Esas hordas, incapaces de pensar por sí mismas, mascan la información que reciben de sus fuentes (porque los medios de comunicación tradicionales están al servicio de sus rivales y no cuentan la verdad) sin ningún tipo de crítica. Así, convierten los trinos de lalis y wallys, los Spaces en X/Twitter dirigidos por anónimos y acompañados por figuras repentinamente famosas a punta de hashtags, y las noticias publicadas en fuentes hechas a la medida, en información que, a fuerza de una repetición inmediata que haría sonrojar a los propagandistas nazis Joseph Goebbels y Julius Streicher, deviene en una supuesta verdad.

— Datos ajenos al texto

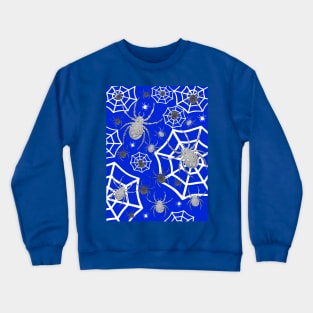 CREEPY Spiders Crewneck Sweatshirt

Es precisamente esa información la que permite a este grupo de zombies informativos, dignos de The Last of Us y The Walking Dead, aceptar todo lo que haga su líder, así se contradiga con todas las promesas de cambio que utilizaron para encandilar incautos en 2022. Si nombran, digamos, al estratega detrás de este cardumen de mentiras, Sebastián Guanumen, como embajador en Chile, dirán que es un “joven profesional hostigado y perseguido por Semana y demás medios de desinformación”. Ante el nombramiento como embajador en Tailandia de un personaje como Daniel Mendoza, que combina la simpatía por el abuso sexual y la pederastia con la desinformación a través de su supuesto documental Matarife, responderán que este compendio de mentiras fue “la obra cinematográfica colombiana del siglo y uno de las razones por la que el cambio llegó al poder”, por lo cual “el gobierno tenía que reconocerle a Daniel todo lo que ha hecho por su patria”. Y así sucesivamente.

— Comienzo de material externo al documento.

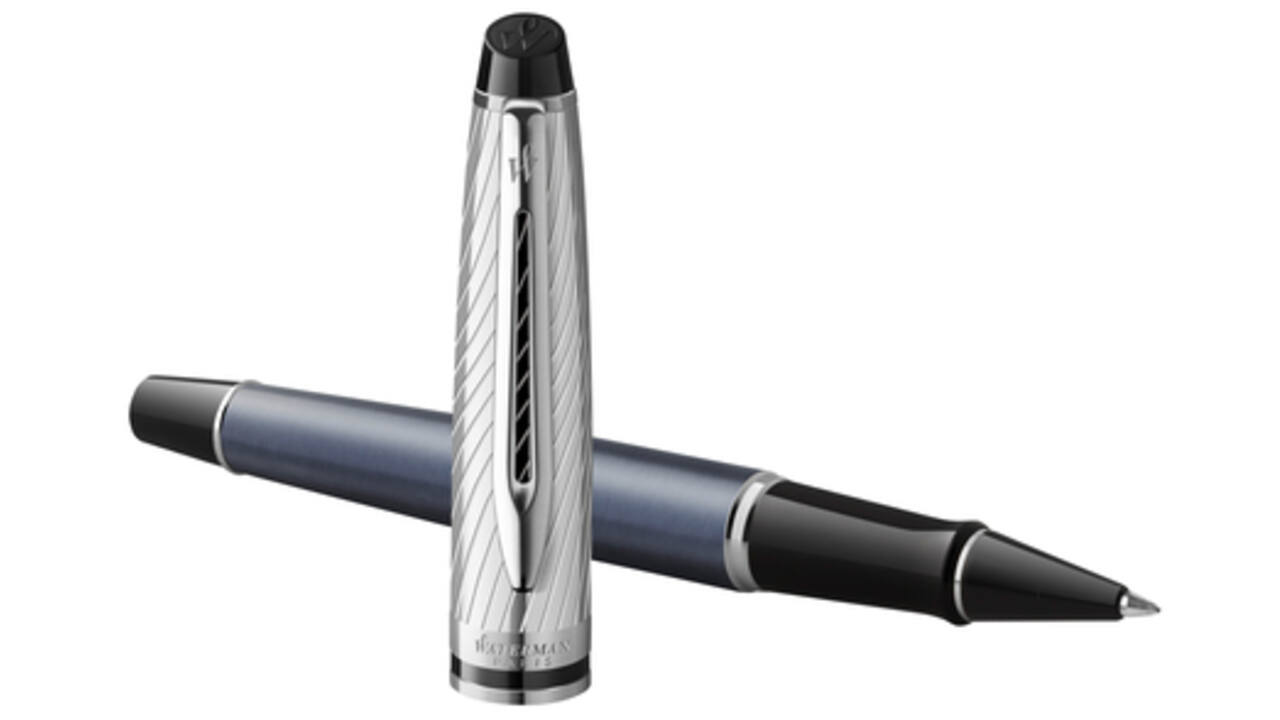 Rollerpen Waterman Expert metallic stone CT fijn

Si el asesino adolescente de los ochenta apenas buscaba bienes materiales, como lo recordó en La Virgen de los sicarios Fernando Vallejo, el sicario moral de hoy busca el hedonismo de “peinar” al opositor con una risa que, lejos de cargar humor o crítica (carcajadas que temen todos los líderes de sectas y que persiguen con toda la sevicia posible), es más la venganza callada de alguien que se finge oprimido y encontró en su semidiós su camino y su verdad. Es decir, insultarlo con toda clase de calumnias y mentiras que se acomodan, hasta “callarlo”. Cierto, hay diferencia entre los balazos que acallaron a los opositores de narcotraficantes, guerrilleros, paramilitares y demás delincuentes (o acallan, como lo demuestra la reciente muerte de Edgar Garay en Sucre) y los madrazos que recibimos todos los días quienes nos atrevemos a opinar. Pero, si algo nos ha enseñado la historia es que no hay mucha distancia entre los llamados a “peinar” y las acciones concretas con efectos permanentes. Si no me creen, lean Cuchillo o recuerden lo que ocurrió con los asesinados por Charlie Hebdo hace casi una década.
Por cierto: así como se da en la izquierda, también ocurre en la derecha.